▸ **What you need to do**
The lines needed run from the one that contains "CAIXA DE SOM PARA PC 10W" through the end of the material below, both included; write them out exactly, with no pictures.

▸ **Records provided**

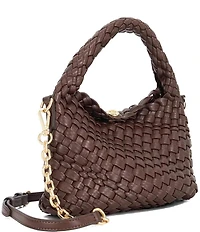 Dune London Dinkydeliberate Mini Woven Top Handle Clutch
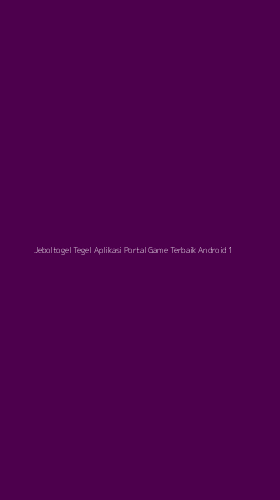 Tampilan Antarmuka Aplikasi Jeboltogel Tegel Aplikasi Portal Game Terbaik Android - 1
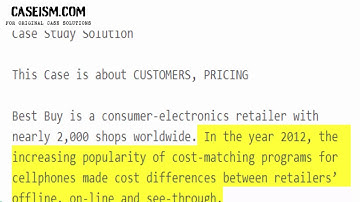 Showrooming at Best Buy  Case Study Help - Caseism.com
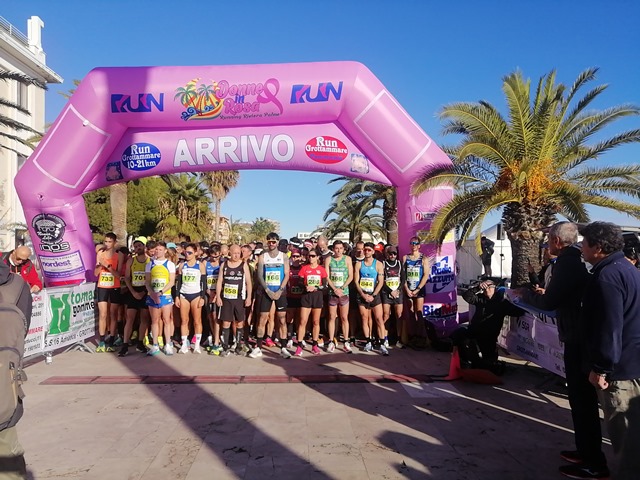 Half Marathon Pietro Mennea Gold e Donne in Rosa di nuovo a braccetto domenica 1 dicembre a Grottammare: 21 km, 10 km e camminata!
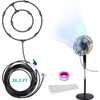 AIXXCUVQ Misting Fan Kit for Outdoor Cooling Stay Refreshed in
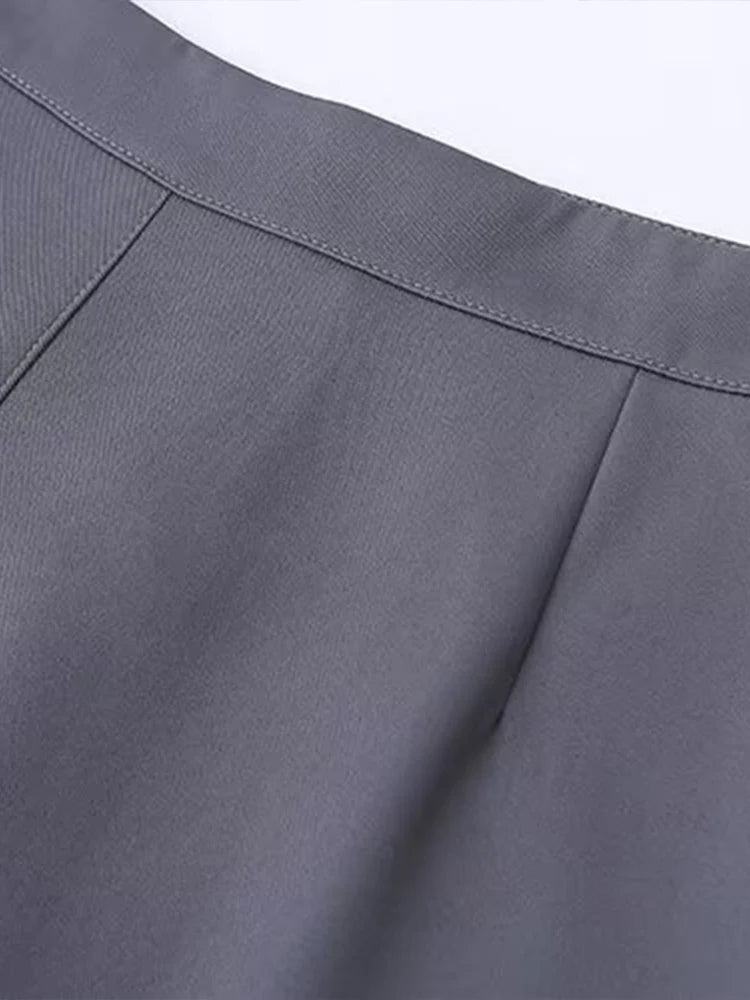 Slit skirt for women in summer high waist A-line skirt for pear-shaped body, slimming and hip-wrapped short suit skirt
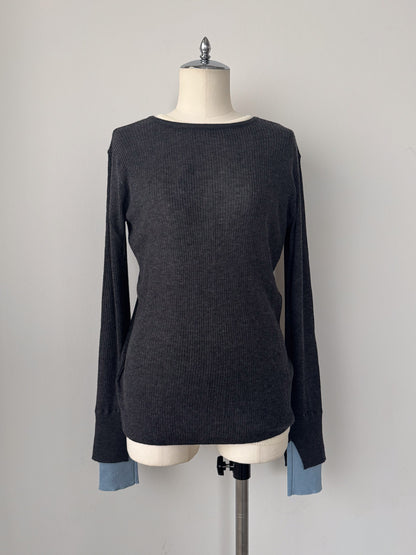 シアーリブカーディガン＆プルオーバーSET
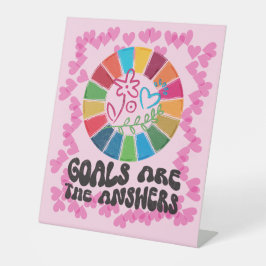 サステナビリティゴールはグリーンリビングの答え 台座サイン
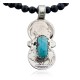 RARE Double OLD Buffalo Coin Certified Authentic Navajo Native .925 Sterling Silver Turquoise Native American Necklace 370787971063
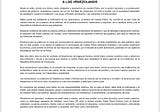 Rafael Ramírez “ A LOS VENEZOLANOS
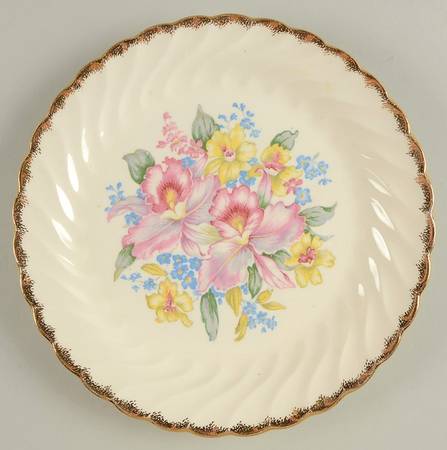 Orchids N Love Luncheon Plate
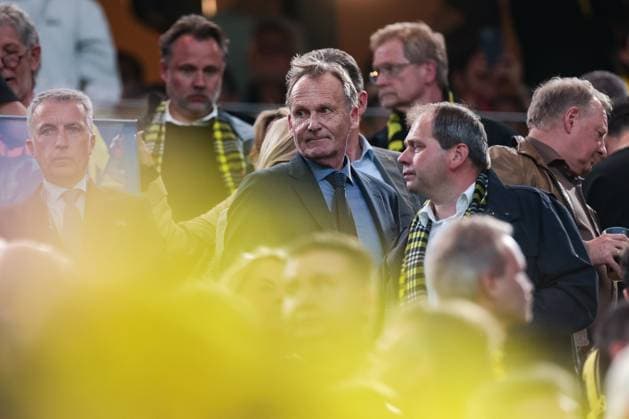 01 05 2024, Football, 2023 2024 season, UEFA Champions League, semi-final, Borussia Dortmund Paris Saint Germain, Chairman of the Supervisory Board Hans Joachim Watzke Borussia Dortmund , Dortmund Signal Iduna Park NRW Germany xRHR PHOTO DEx Copyright: DennisxEwert RHR-FOTOx RHR-FOTO DE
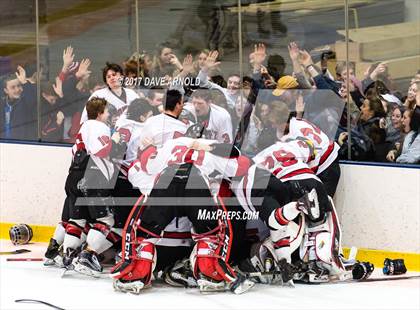 Thumbnail 2 in Cushing Academy vs. Pomfret School (NEPSAC Small Division Final) photogallery.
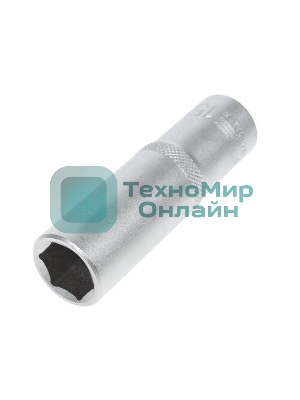 Головка торцевая Stels 11 мм, 6-гранная, CrV, под квадрат 1/2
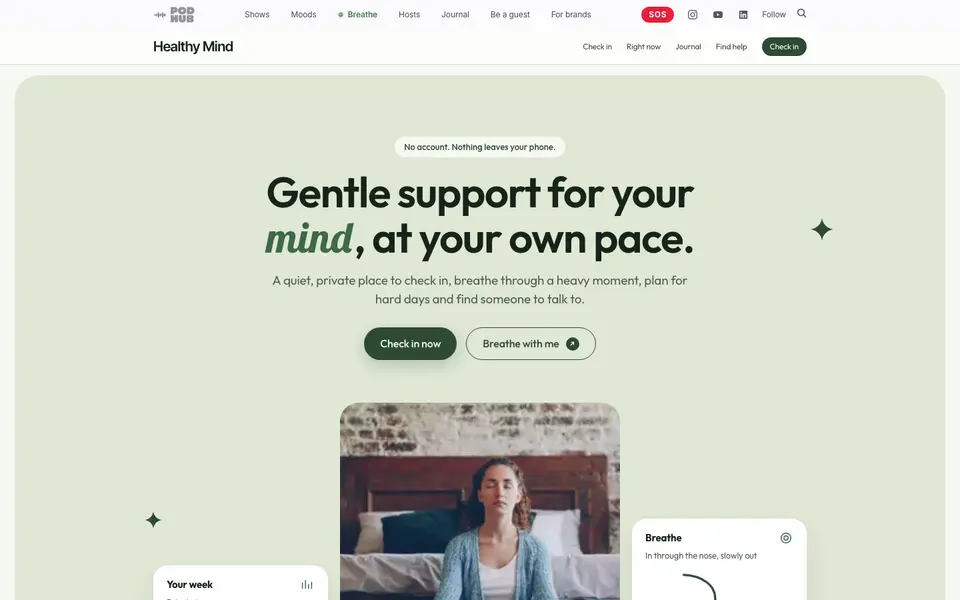 A screen of Healthy Mind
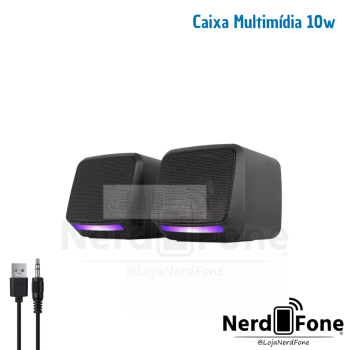 CAIXA DE SOM PARA PC 10W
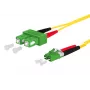 METZ CONNECT OpDAT Patchkabel SC-D APC/LC-D APC OS2 1,0 m - Singlemode-Faser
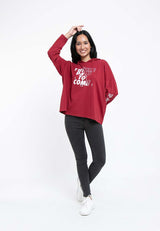 Forest Ladies Premium Cotton Cap Hoodie Sweater - 822135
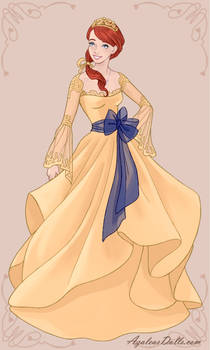 Anastasia in her dream gown.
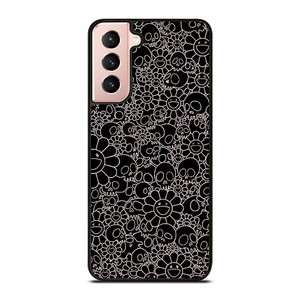 TAKASHI MURAKAMI BLACK SKULL Samsung Galaxy S21 Case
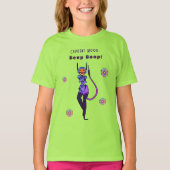 Beep Boop Cute Robot Giggle Fun T-Shirt (Devant)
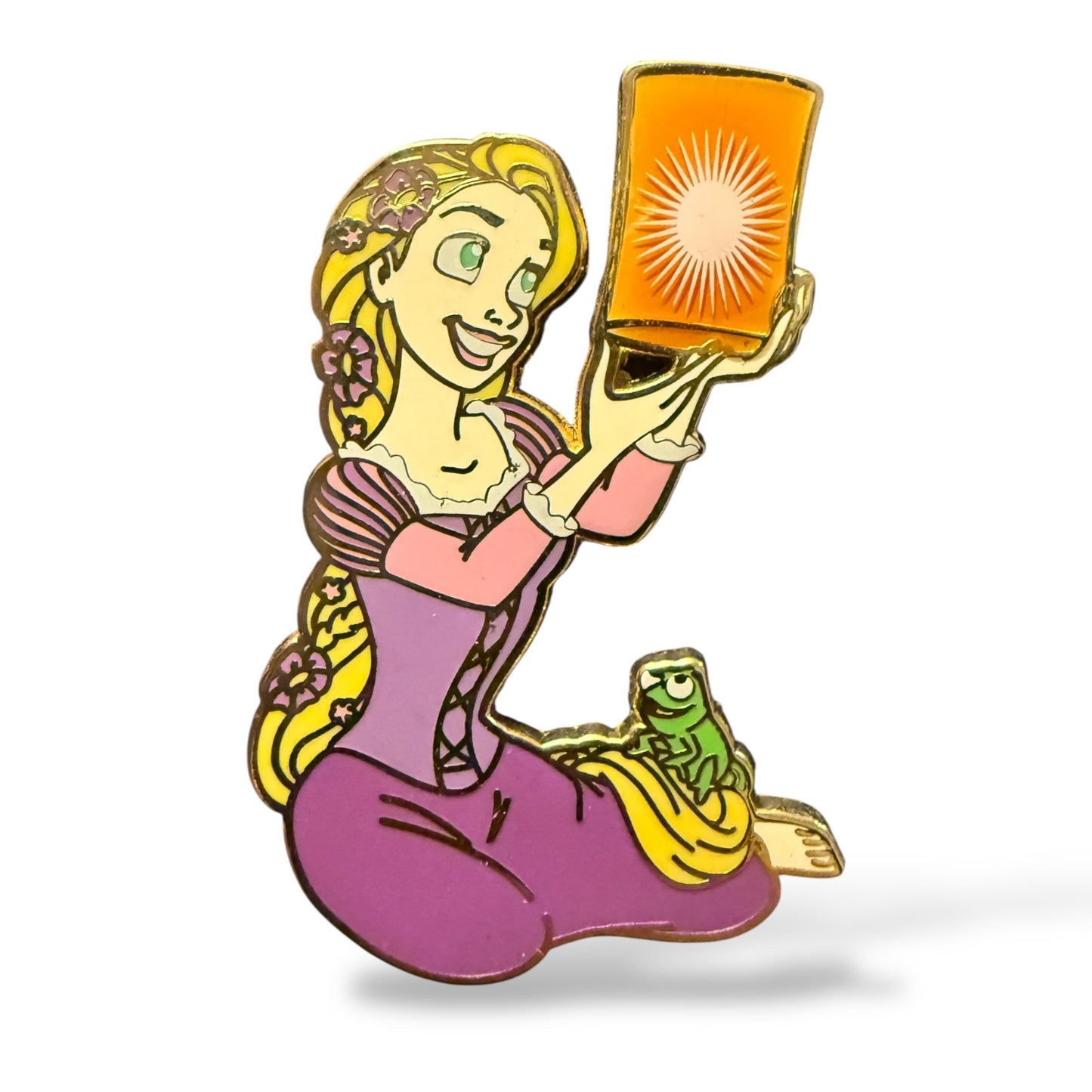 Disney Parks Rapunzel and Pascal Holding Corona Sun Lantern Pin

▸ **Completed task**
 CAIXA DE SOM PARA PC 10W
 METZ CONNECT OpDAT Patchkabel SC-D APC/LC-D APC OS2 1,0 m - Singlemode-Faser
 Forest Ladies Premium Cotton Cap Hoodie Sweater - 822135
 Anastasia in her dream gown.
 TAKASHI MURAKAMI BLACK SKULL Samsung Galaxy S21 Case
 Beep Boop Cute Robot Giggle Fun T-Shirt (Devant)
 Disney Parks Rapunzel and Pascal Holding Corona Sun Lantern Pin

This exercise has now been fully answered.